I thought it was already answered in this list by a Catalan speaking
contributor: the sequence L+middle-dot in Catalan is NOT a combining sequence.
The middle dot in Catalan plays a role similar to an hyphen between syllables,
to mark a distinction with words where, for example a double-L would create an
alternate reading. The dot indicates that each L must be read distinctly (or
read with a long or emphatic L).
In French for example we have words like "maille" to be read as /maj/, and the
same "-ill-" written diphtongs after another vowel occur in Catalan. But French
will not write "-ill-" if it occurs between two vowels where the two L must have
the sound L (if this occurs in french, only 1 L is written, and the
emphatic/long sound is not marked).
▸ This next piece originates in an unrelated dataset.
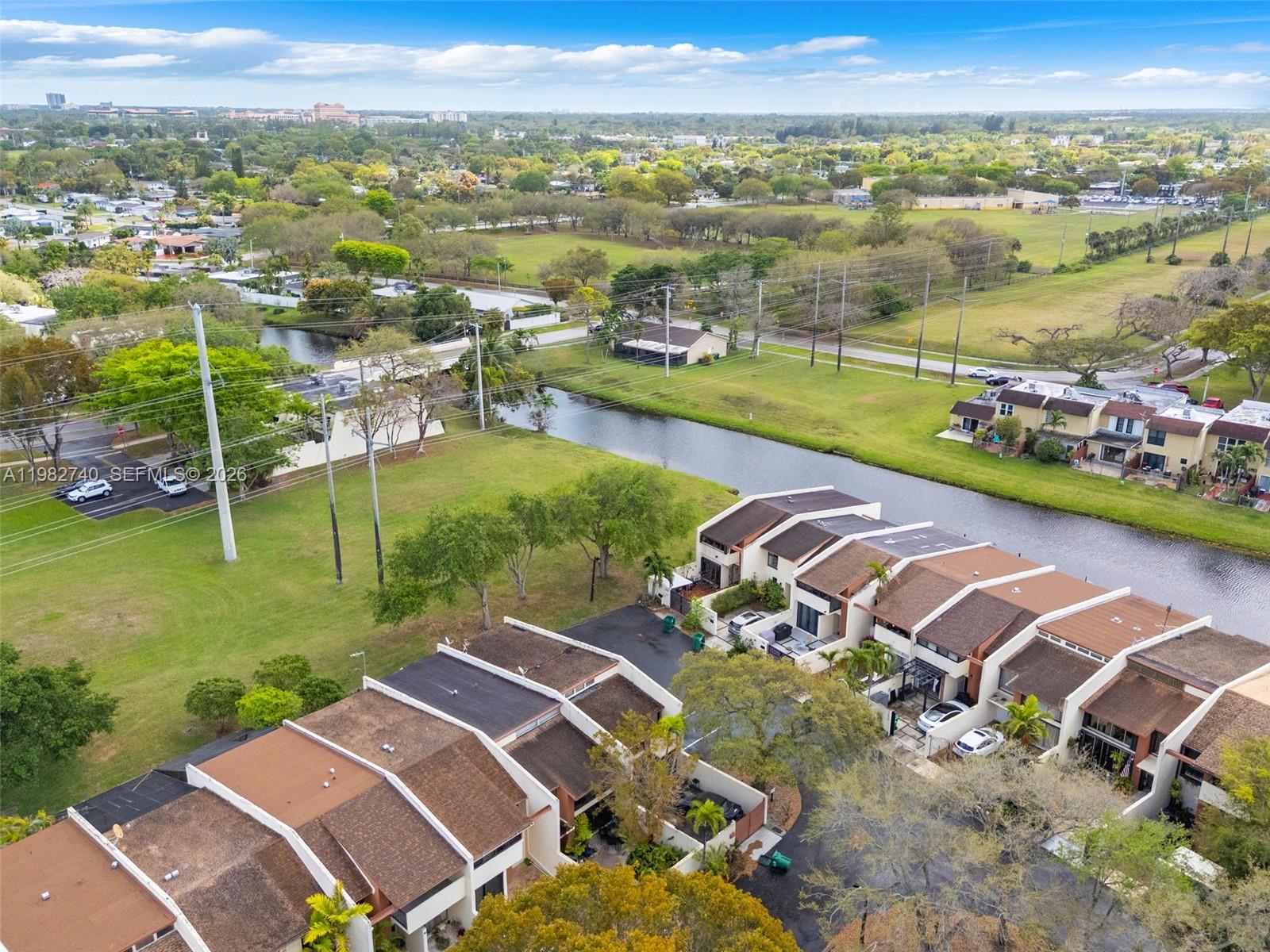 7825 Southwest 103rd Place Miami, FL 33173 - Photo 39 of 47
Catalan has this orthograph, and writes the
emphatic/long L distinctly. So it needs a symbol for that. The middle-dot is
then considered in Catalan as a letter, that will occur in the middle of words.
I don't know if the middle-dot can be used in Catalan as a cadidate position for
a line break with hyphenation: if yes, is it kept before the hyphen, or is the
middle-dot used alone, or is the middle-dot replaced by a regular hyphen? I
don't know. But if the middle-dot must be replaced by a hyphen, then it is a
punctuation (similar to hyphens used in compound-words).
But in Catalan, the middle dot should not be kerned into the preceding uppercase
L, like it would appear if it was considered equivalent to <L-middle-dot>.
Catalan has no use of such decomposition, and if such decomposition had existed,
it would have been into L + combining left-middle-dot, and not the same
character.
If there's something really missing for Catalan, it's a middle-dot letter with
general category "Lo", and combining class 0 (i.e. NOT combining). It's
unfortunate that almost all legacy Catalan text transcoded to Unicode are based
on the middle-dot symbol (the one mapped in ISO-8859-1 and ISO-8859-15) which is
not seen by Unicode as a letter (Lo) but as a symbol only.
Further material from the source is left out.